Deitada de costas para ele. Olhando para a parede azul daquele quarto. Dali dava pra ver um pouco do guarda-roupas ao lado acima de sua cabeça, a porta que dava para o corredor estava abaixo de seus olhos, e a frente só havia a parede azul. Bem diferente do castanho dos olhos dele.

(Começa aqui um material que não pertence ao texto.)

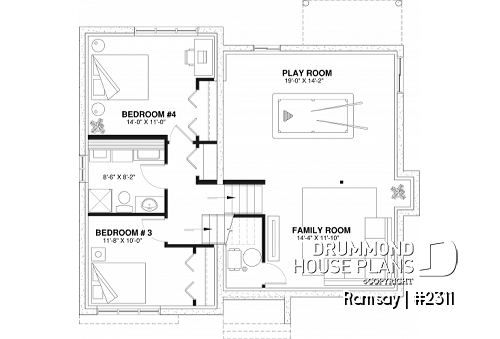 Basement - 2 to 4 bedroom modern farmhouse with open space, cathedral ceiling, pantry, mud room and split level - Ramsay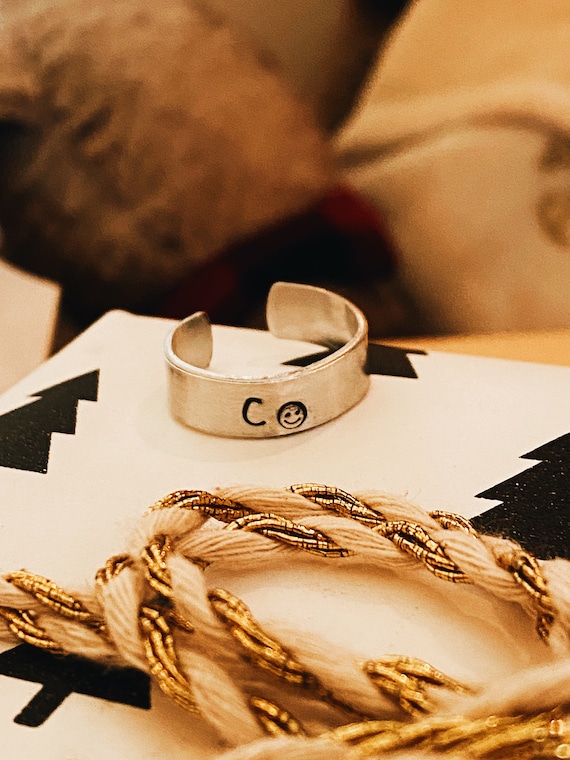 Customized Initial Smiley Face Ring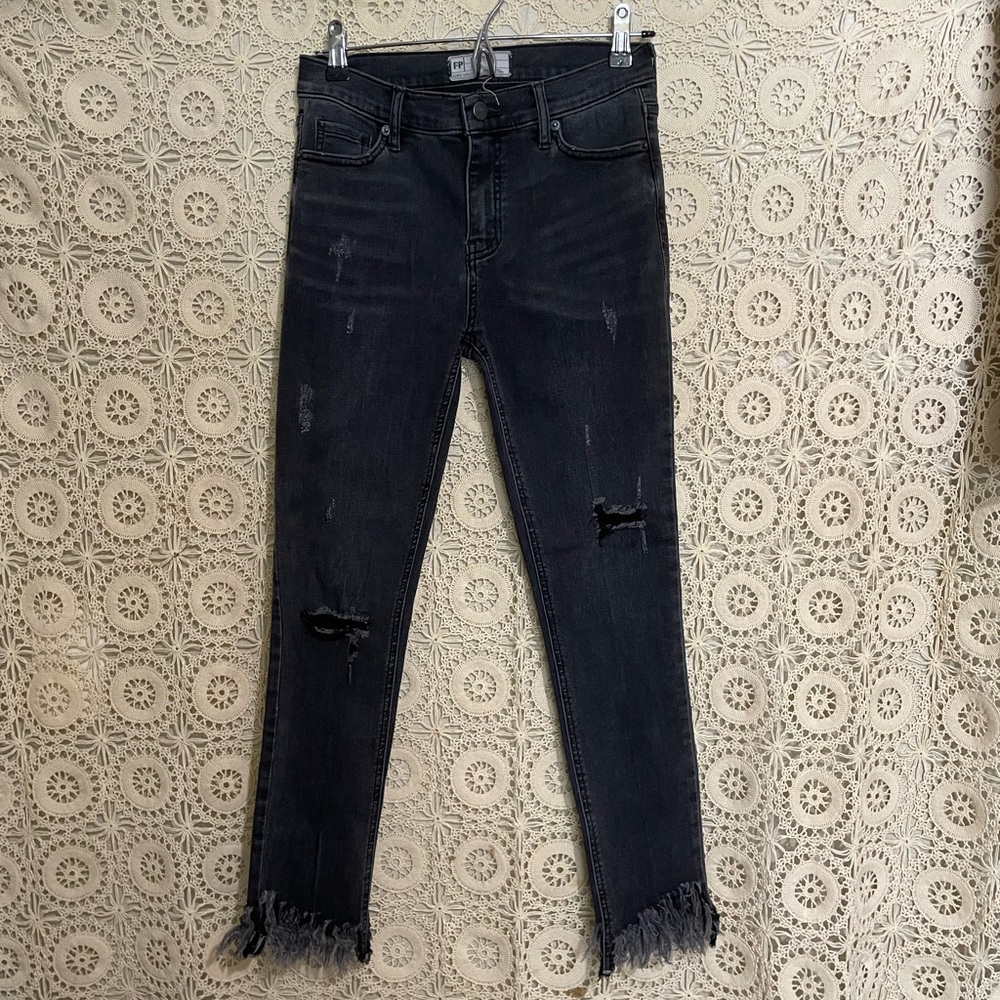 Free People Black Distressed Ankle Jeans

Deitado de costas para ela. Olhando para a parede azul de seu quarto. Sabia onde estava o guarda-roupas, sabia que havia uma TV desligada se mirasse os olhos para baixo, e que a frente só restava essa maldita parede azul, o desafiando a se virar.

Não estavam brigados, nem ao menos houve uma discussão. Mas ainda assim evitavam o olhar. E isso não era novidade naquela noite, fizeram isso o tempo todo. Conversaram, brincaram um com o outro, mas nunca se olhavam diretamente nos olhos. Tinham medo disso.

Ela estava completamente apaixonada por ele. Ele, bem, ele tinha muito mais medo do que ela a respeito disso, estava apaixonado mas não queria dizer isso para si mesmo. 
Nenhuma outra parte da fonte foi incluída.